For **, the only point which could matter is the difference between a ** 4 and a ** 4., the latter being much more CPU time consuming. But even this point has no sense without a measurement in an actual simulation.
In fact, your approach is wrong. Develop your code as well as possible. After that, measure objectively the cost of the different parts of your code. Optimizing without measuring before is simply non sense.
If a part exhibits a high percentage of the CPU, 50% for instance, don't forget that optimizing that part only cannot divide the cost of the overall code by a factor greater than two. Any way, start the optimization work by the most expensive part (the bottle neck).
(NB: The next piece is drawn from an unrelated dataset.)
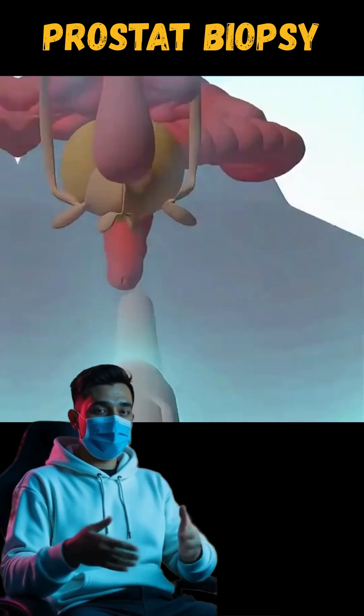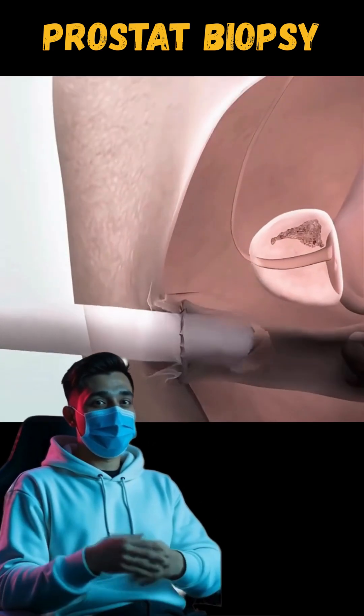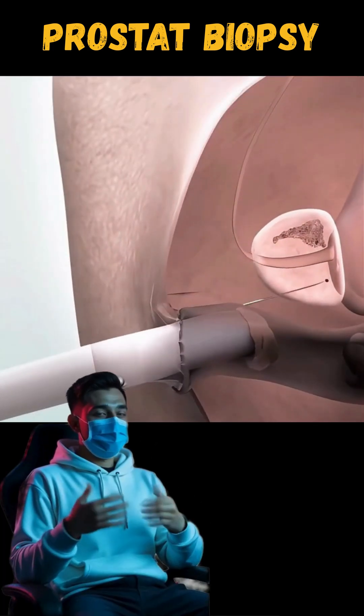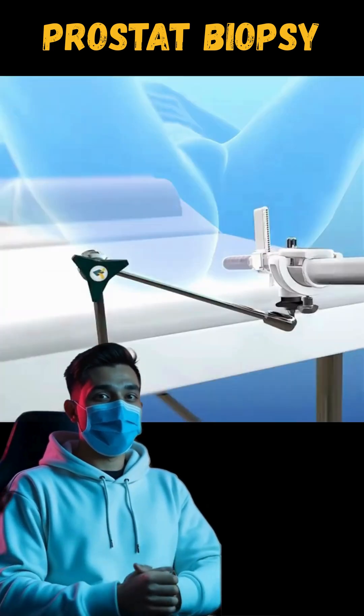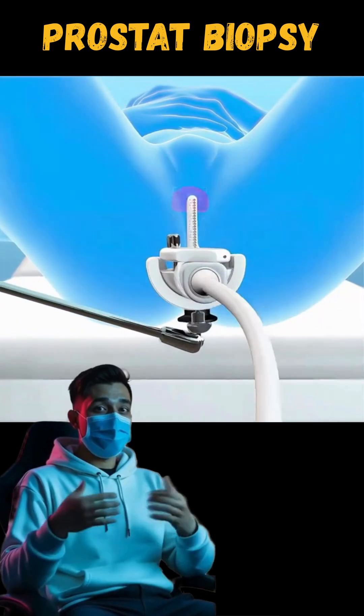Ever wondered how a prostate biopsy is performed? This quick procedure helps detect prostate issues, including cancer. It starts with the patient under general anesthesia, ensuring they are asleep and comfortable.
Don't forget also that the main improvements are generally coming from better algorithms.
I second the advice that these tricks that you have been taught are silly in this era. Compilers do this for you now; such micro-optimizations are unlikely to make a significant difference and may not be portable. Write clear & understandable code. Carefully select your algorithm. One thing that can make a difference is using indices of multi-dimensions arrays in the correct order ... recasting an M X N array to N X M can help depending on the pattern of data access by your program. After this, if your program is too slow, measure where the CPU is consumed and improve only those parts. Experience shows that guessing is frequently wrong and leads to writing more opaque code for nor reason. If you make a code section in which your program spends 1% of its time twice as fast, it won't make any difference.
Here are previous answers on FORALL and WHERE: How can I ensure that my Fortran FORALL construct is being parallelized? and Do Fortran 95 constructs such as WHERE, FORALL and SPREAD generally result in faster parallel code?
You've got a-priori ideas about what to do, and some of them might actually help,
but the biggest payoff is in a-posteriori anaylsis.
(Added: In other words, getting a*b*c into a different order might save a couple cycles (which I doubt), while at the same time you don't know you're not getting blind-sided by something spending 1000 cycles for no good reason.)
No matter how carefully you code it, there will be opportunities for speedup that you didn't foresee. Here's how I find them. (Some people consider this method controversial).
It's best to start with optimization flags OFF when you do this, so the code isn't all scrambled.
Later you can turn them on and let the compiler do its thing.
Get it running under a debugger with enough of a workload so it runs for a reasonable length of time.
While it's running, manually interrupt it, and take a good hard look at what it's doing and why.
Do this several times, like 10, so you don't draw erroneous conclusions about what it's spending time at.
Here's examples of things you might find:
It could be spending a large fraction of time calling math library functions unnecessarily due to the way some expressions were coded, or with the same argument values as in prior calls.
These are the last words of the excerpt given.